MLL gene rearrangements (MLLr) are a common cause of aggressive, incurable acute lymphoblastic leukemias (ALL) in infants and children, most of which originate in utero. The most common MLLr produces an MLL-AF4 fusion protein. MLL-AF4 promotes leukemogenesis by activating key target genes, mainly through recruitment of DOT1L and increased histone H3 lysine-79 methylation (H3K79me2/3). One key MLL-AF4 target gene is PROM1, which encodes CD133 (Prominin-1). CD133 is a pentaspan transmembrane glycoprotein that represents a potential pan-cancer target as it is found on multiple cancer stem cells. Here we demonstrate that aberrant PROM1/CD133 expression is essential for leukemic cell growth, mediated by direct binding of MLL-AF4. Activation is controlled by an intragenic H3K79me2/3 enhancer element (KEE) leading to increased enhancer–promoter interactions between PROM1 and the nearby gene TAPT1. This dual locus regulation is reflected in a strong correlation of expression in leukemia. We find that in PROM1/CD133 non-expressing cells, the PROM1 locus is repressed by polycomb repressive complex 2 (PRC2) binding, associated with reduced expression of TAPT1, partially due to loss of interactions with the PROM1 locus. Together, these results provide the first detailed analysis of PROM1/CD133 regulation that explains CD133 expression in MLLr ALL.

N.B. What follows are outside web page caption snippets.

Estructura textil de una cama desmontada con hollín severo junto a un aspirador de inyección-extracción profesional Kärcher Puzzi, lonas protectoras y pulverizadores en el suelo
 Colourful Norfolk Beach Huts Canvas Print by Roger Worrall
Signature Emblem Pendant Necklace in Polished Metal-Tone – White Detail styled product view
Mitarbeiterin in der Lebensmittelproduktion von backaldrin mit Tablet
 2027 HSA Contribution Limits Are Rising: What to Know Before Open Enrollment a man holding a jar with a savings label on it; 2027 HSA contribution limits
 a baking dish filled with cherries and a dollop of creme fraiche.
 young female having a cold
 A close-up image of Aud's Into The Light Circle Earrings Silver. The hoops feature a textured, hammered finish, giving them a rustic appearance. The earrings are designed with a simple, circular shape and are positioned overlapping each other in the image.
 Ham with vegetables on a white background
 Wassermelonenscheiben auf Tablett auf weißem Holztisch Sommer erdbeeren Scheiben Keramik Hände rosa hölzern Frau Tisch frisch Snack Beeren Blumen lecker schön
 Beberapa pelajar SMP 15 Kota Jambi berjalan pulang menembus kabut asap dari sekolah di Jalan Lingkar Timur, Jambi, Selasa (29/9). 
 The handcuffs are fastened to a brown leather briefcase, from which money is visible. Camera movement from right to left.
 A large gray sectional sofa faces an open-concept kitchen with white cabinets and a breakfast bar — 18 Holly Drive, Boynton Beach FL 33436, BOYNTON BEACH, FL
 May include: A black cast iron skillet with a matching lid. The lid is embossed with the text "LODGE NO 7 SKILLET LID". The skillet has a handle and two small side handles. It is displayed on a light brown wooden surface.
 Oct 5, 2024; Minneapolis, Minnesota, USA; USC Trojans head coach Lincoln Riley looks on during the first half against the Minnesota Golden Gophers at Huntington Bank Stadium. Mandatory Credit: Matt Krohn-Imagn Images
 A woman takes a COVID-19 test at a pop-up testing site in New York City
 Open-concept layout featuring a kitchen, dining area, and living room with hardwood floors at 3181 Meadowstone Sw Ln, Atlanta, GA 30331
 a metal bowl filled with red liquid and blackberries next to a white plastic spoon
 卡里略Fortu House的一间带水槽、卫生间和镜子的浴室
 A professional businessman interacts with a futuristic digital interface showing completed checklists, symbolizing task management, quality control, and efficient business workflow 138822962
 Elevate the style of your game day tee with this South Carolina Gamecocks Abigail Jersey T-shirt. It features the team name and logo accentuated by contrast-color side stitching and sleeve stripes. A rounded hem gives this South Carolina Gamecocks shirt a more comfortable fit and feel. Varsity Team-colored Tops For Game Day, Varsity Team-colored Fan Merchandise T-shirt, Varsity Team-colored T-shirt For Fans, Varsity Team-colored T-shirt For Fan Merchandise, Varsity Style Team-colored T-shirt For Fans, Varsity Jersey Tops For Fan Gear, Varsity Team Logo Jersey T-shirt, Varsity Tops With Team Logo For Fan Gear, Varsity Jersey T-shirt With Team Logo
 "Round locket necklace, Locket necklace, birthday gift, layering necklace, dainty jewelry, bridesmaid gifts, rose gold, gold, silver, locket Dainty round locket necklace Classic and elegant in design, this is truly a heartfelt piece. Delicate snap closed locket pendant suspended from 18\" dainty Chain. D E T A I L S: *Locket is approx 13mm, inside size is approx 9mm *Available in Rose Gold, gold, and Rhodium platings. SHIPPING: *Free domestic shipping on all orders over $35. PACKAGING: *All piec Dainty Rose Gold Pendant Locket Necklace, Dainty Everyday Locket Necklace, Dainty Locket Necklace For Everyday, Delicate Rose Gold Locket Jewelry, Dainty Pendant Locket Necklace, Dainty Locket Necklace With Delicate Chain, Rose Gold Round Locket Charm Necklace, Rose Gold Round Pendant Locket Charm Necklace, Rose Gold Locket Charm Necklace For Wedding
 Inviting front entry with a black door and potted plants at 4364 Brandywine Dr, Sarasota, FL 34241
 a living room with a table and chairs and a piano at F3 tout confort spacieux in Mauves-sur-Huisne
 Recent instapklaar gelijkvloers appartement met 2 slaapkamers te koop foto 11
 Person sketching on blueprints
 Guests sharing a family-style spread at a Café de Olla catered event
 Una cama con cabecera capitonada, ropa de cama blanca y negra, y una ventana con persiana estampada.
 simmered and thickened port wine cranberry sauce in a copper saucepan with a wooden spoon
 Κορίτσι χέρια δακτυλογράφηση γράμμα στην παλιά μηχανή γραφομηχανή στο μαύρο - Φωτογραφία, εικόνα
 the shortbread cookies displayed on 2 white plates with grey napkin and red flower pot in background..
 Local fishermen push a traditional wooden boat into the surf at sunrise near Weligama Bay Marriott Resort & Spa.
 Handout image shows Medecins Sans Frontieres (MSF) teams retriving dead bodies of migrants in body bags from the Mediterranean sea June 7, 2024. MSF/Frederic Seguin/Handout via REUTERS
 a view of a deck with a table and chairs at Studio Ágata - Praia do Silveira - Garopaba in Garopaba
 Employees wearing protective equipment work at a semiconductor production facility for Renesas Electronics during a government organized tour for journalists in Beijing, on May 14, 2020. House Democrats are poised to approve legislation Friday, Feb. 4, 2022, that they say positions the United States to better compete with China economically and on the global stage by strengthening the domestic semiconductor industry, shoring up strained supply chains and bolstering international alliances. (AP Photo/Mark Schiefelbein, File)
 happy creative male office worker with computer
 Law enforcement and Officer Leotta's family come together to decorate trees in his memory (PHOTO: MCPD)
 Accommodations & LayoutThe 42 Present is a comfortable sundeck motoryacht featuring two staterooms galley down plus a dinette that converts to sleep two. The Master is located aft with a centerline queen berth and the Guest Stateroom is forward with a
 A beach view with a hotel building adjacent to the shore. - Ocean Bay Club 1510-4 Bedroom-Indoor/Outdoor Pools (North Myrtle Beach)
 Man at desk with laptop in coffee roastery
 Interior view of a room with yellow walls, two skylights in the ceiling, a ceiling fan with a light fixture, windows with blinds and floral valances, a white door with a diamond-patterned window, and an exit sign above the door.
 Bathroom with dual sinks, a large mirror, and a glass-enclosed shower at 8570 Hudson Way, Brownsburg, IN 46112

MLL 基因重排 (MLLr) 是婴儿和儿童侵袭性、无法治愈的急性淋巴细胞白血病 (ALL) 的常见原因，其中大多数起源于子宫内。最常见的 MLLr 产生 MLL-AF4 融合蛋白。MLL-AF4 通过激活关键靶基因促进白血病发生，主要是通过募集 DOT1L 和增加组蛋白 H3 赖氨酸 79 甲基化 (H3K79me2/3)。一个关键的 MLL-AF4 靶基因是PROM1，它编码 CD133 (Prominin-1)。CD133 是一种五跨跨膜糖蛋白，代表潜在的泛癌靶点，因为它存在于多个癌症干细胞上。在这里，我们证明了异常的PROM1/CD133 表达对白血病细胞生长至关重要，由 MLL-AF4 直接结合介导。激活由基因内 H3K79me2/3 增强子元件 (KEE) 控制，导致PROM1和附近基因TAPT1之间的增强子-启动子相互作用增加。这种双基因座调控反映在白血病表达的强相关性中。我们发现在PROM1 /CD133 非表达细​​胞中，PROM1基因座受到多梳抑制复合物 2 (PRC2) 结合的抑制，这与TAPT1的表达减少有关，部分原因是与PROM1基因座的相互作用丧失。总之，这些结果提供了对PROM1的第一次详细分析/CD133 调节，解释 MLLr ALL 中的 CD133 表达。